ARCHAEOLOGY

6th century settlement and anglo-saxon jewellery unearthed

Rare Anglo-Saxon artefacts, once worn and treasured by nobles between 501 and 600 AD, have been unearthed during the excavation of a housing site in Cambridge, earmarked for 60 new homes.

Image Credit : Stephen Collins

Rare Anglo-Saxon artefacts, once worn and treasured by nobles between 501 and 600 AD, have been unearthed during the excavation of a housing site in Cambridge, earmarked for 60 new homes.

Providing a fascinating insight into the lifestyle and clothing of the ancient Anglo-Saxon era, the findings include precious jewellery such as fine brooches, multi-coloured glass and amber beads, rings and hairpins dating back to the sixth century AD, as well as remnants of an original village-style settlement.

The Ango-Saxon village has been uncovered in Cherry Hinton by Oxford Archaeology East on behalf of archaeology specialists, CgMs and Weston Homes, the housebuilder who has bought the land which is just four miles south-east of Cambridge city centre.

More utilitarian tools are also among the findings, such as small knives and weaponry including iron shield bosses and spear heads. Some items were re-purposed, such as a Hippogriff decoration (half horse, half eagle), transformed from a shield into a piece of jewellery.

Complete pottery vessels were also found, including a stunning rare glass beaker known as a claw beaker due to the claw-like decorations around the stem. These elaborate drinking vessels are normally found further south-east such as Kent, northern France, the Netherlands and Germany, where they were probably produced. Although crushed over the centuries by the weight of soil the vessel is complete and could be reconstructed.

Image Credit : Stephen Collins

The excavation even turned up some Roman treasures, pre-dating the Anglo-Saxon era, including plates and a complex of Late Iron Age and Roman ditches defining a field system and an early Roman Pottery Kiln.

“Evidence of the time period 5th to 7th century AD is almost non-existent so this gives us a highly important window into understanding how people lived in that era, their trade activities and behaviours. The academic value of this collection is therefore immeasurable,” said Duncan Hawkins, Head of Archaeology and Build Heritage for CgMs.
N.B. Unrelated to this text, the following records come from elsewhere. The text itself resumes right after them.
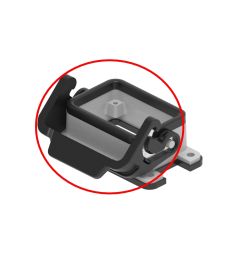 Reserve beugel voor IL-BRID behuizing 1 beugel 44.27, zwart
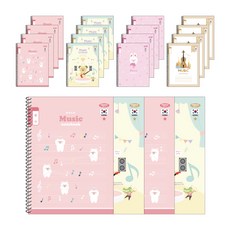 PENPIA 1000 小學春季筆記 1-6 少女音樂, 隨機發貨, 20個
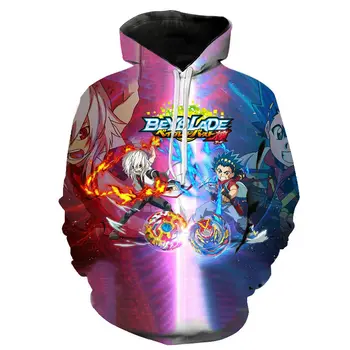 

New Game Beyblade Burst Hoodies 3D Print TV Anime BEYBLADE BURST Hoodie Jackets sweatshirts Cartoon Men Women Children Tops
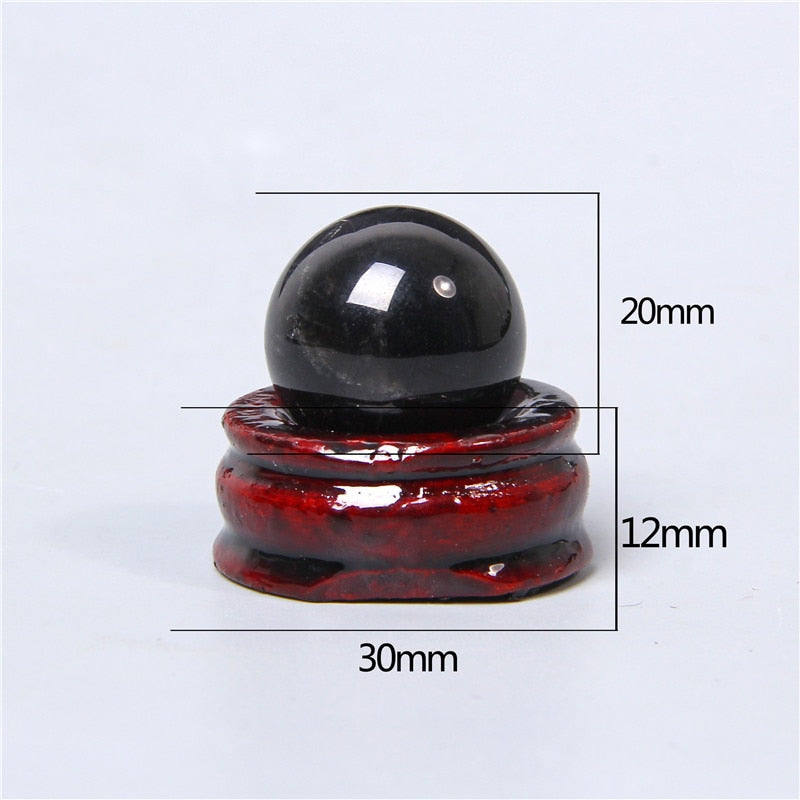 Obsidian Crystal Ball for Clarity and Harmony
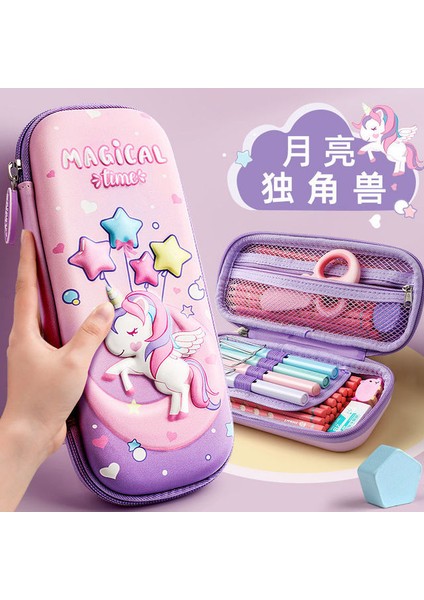 16 3D Uzay Kalem Kutusu Kawaii Kırtasiye Kalem Kutusu Unicorn Kalemlik Sevimli Kalem Kutusu Estuche Escolar Okul Malzemeleri Kalem Kutusu (Yurt Dışından)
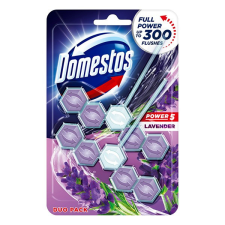 Toalett öblítő DOMESTOS Power5 Lavender 2x55 g tisztító- és takarítószer, higiénia
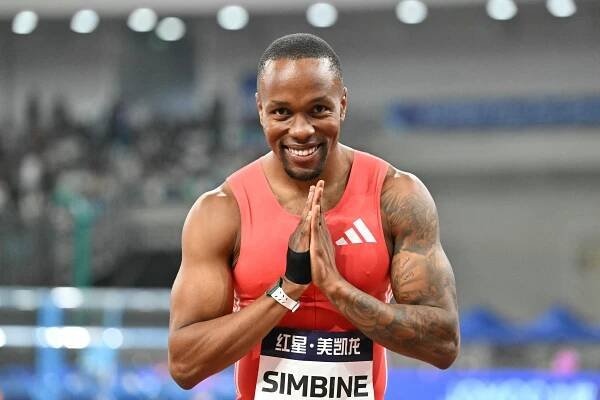 Simbine is the world leader over 100m this year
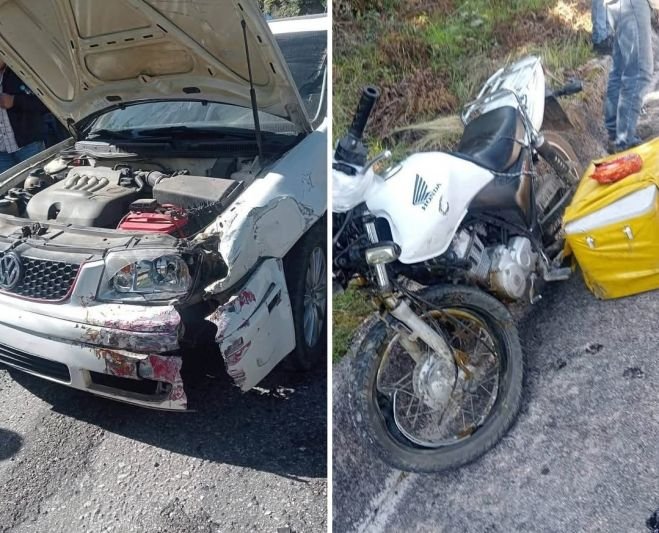 Se dan encontronazo en carretera a Chamula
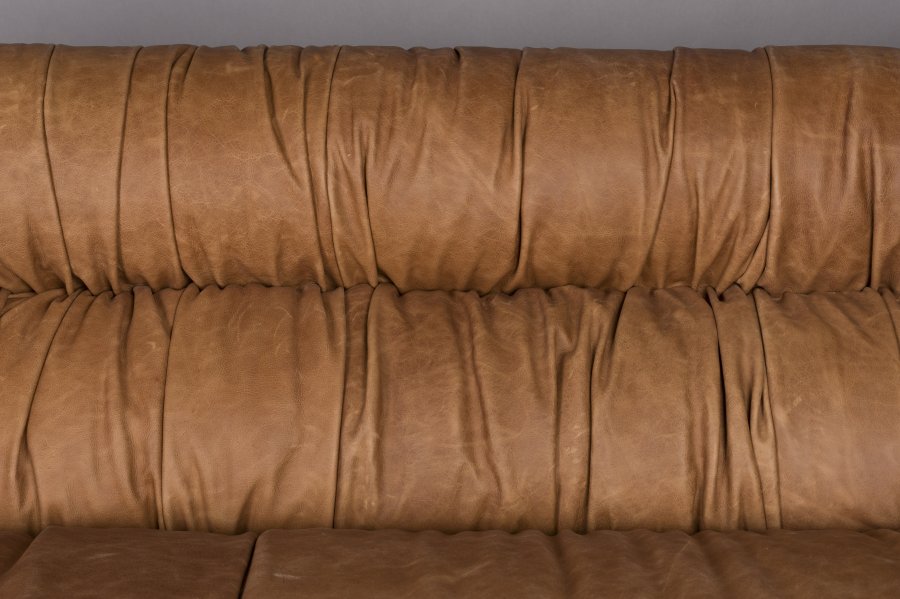 DUTCHBONE Sofa Douglas Wax Leather Cognac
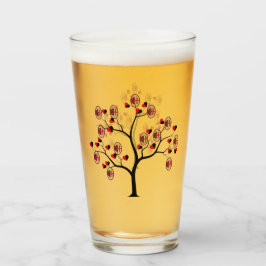 Bicchiere Milan calcio Glas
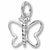 Butterfly charm in Sterling Silver hide-image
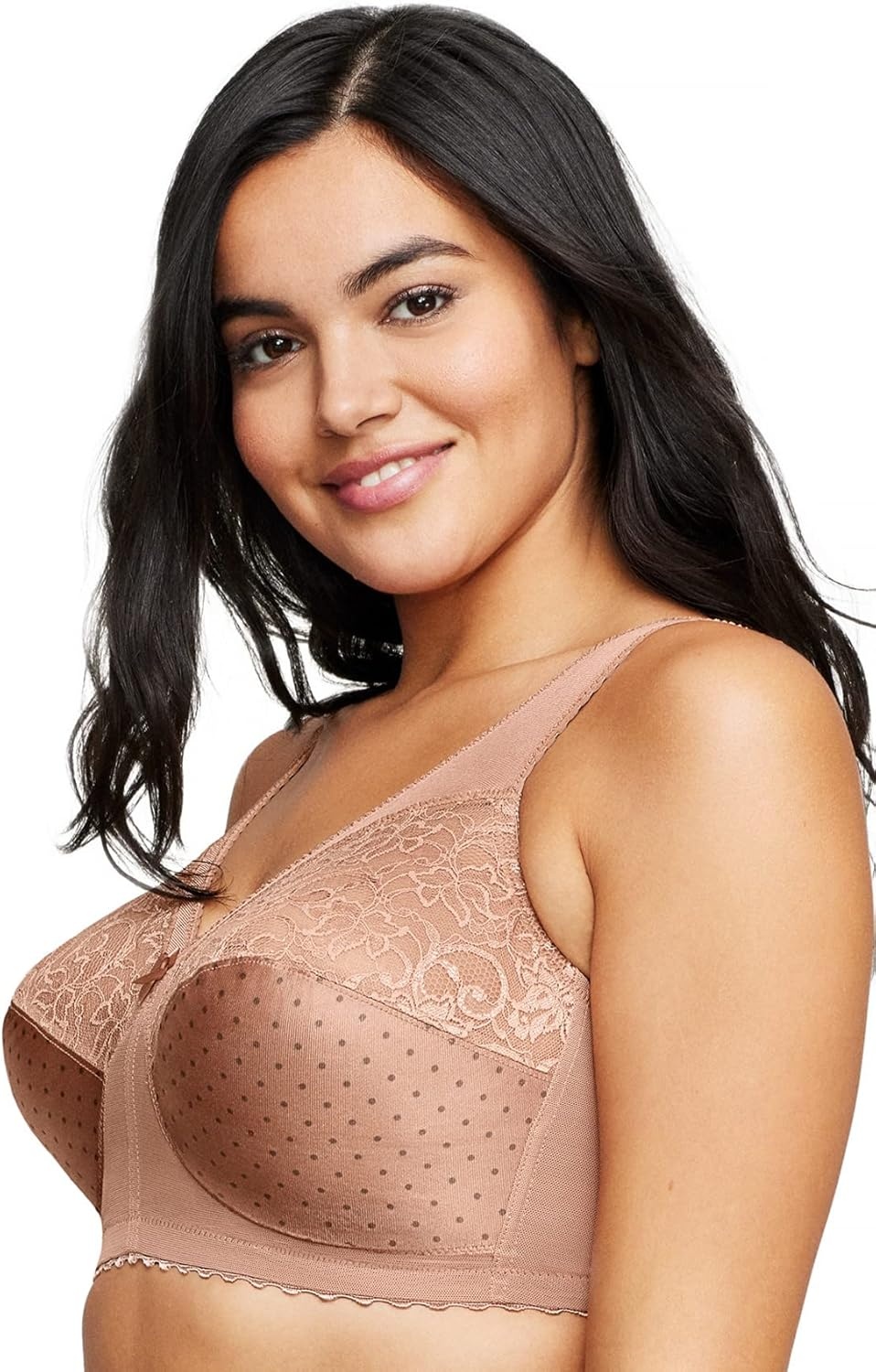 image:imageGlamorise Full Figure Plus Size MagicLift Original Support Bra Wirefree 1000Cappuccino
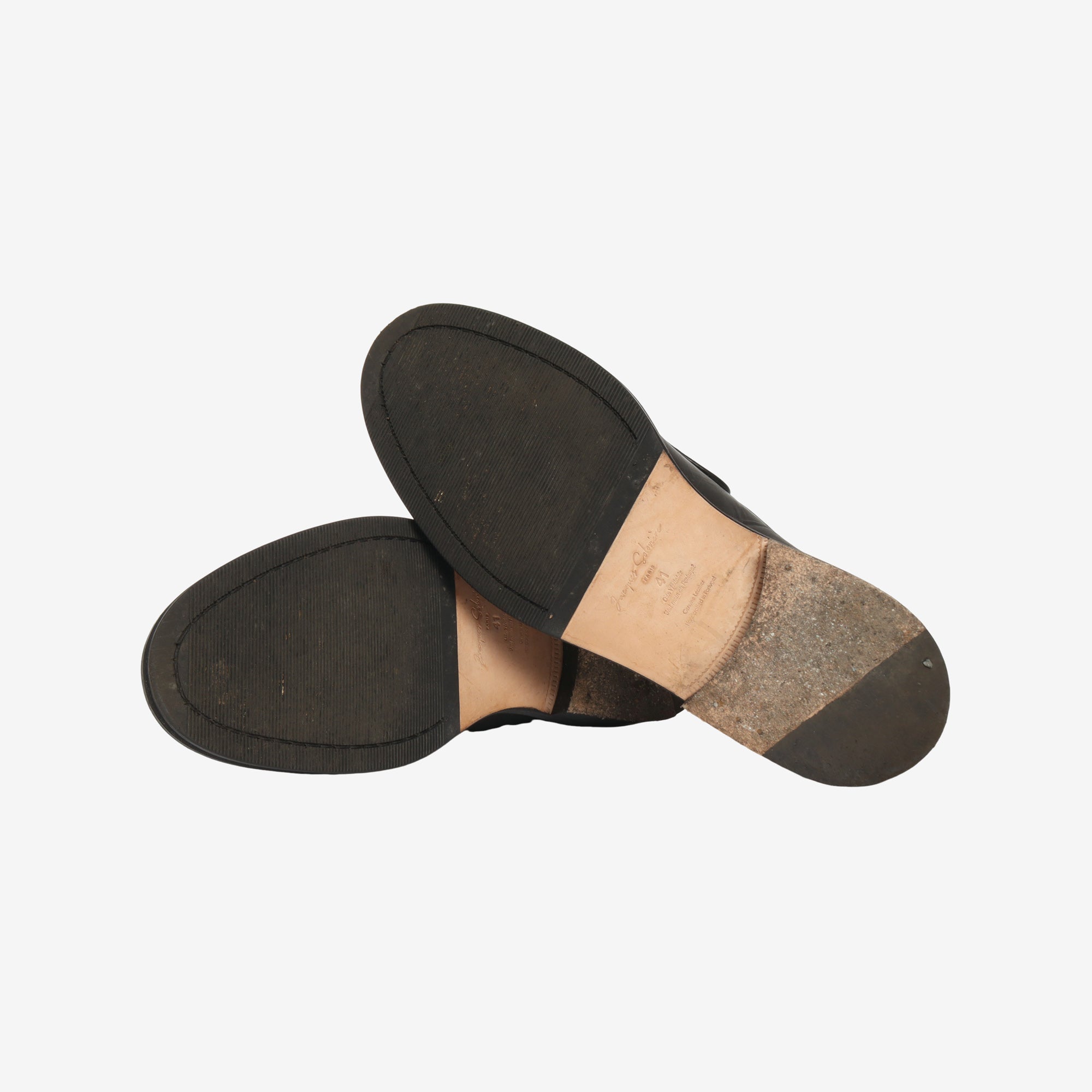 Steve Gonzalez Serge Bicolor Leather Slip Ons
“The site fell out of use in the 7th century but we discovered evidence of 8th century Middle Saxon activity including post-built structures, possibly workshops and livestock pens. Pits dug in this attest to local industrial activity and further processing of soil samples should help us understand what these were used for,” he explained.

The site lies is on the western edge of the Middle Saxon settlement around Church End, and which formed the 9th to 10th century manor. By 1086 it had become known as Hintona in Domesday Book.

Image Credit : Stephen Collins

What was a Saxon village will be transformed 1,500 years later into a modern-day settlement. When Weston Homes applied for planning permission for the site test trenches were dug as a matter of course and the area identified as one which required further investigation.

The site has now been cleared and the findings recorded and the artefacts will be housed in local museums.

Bob Weston, Chairman of Weston Homes, said: “The excavations show that there has been a residential settlement on this site dating back to the Roman era. The Anglo-Saxon artefacts are of strong historical importance, so we are taking all measures to ensure that they are being carefully preserved and recorded. Only once this work is complete will our new housing scheme be implemented.”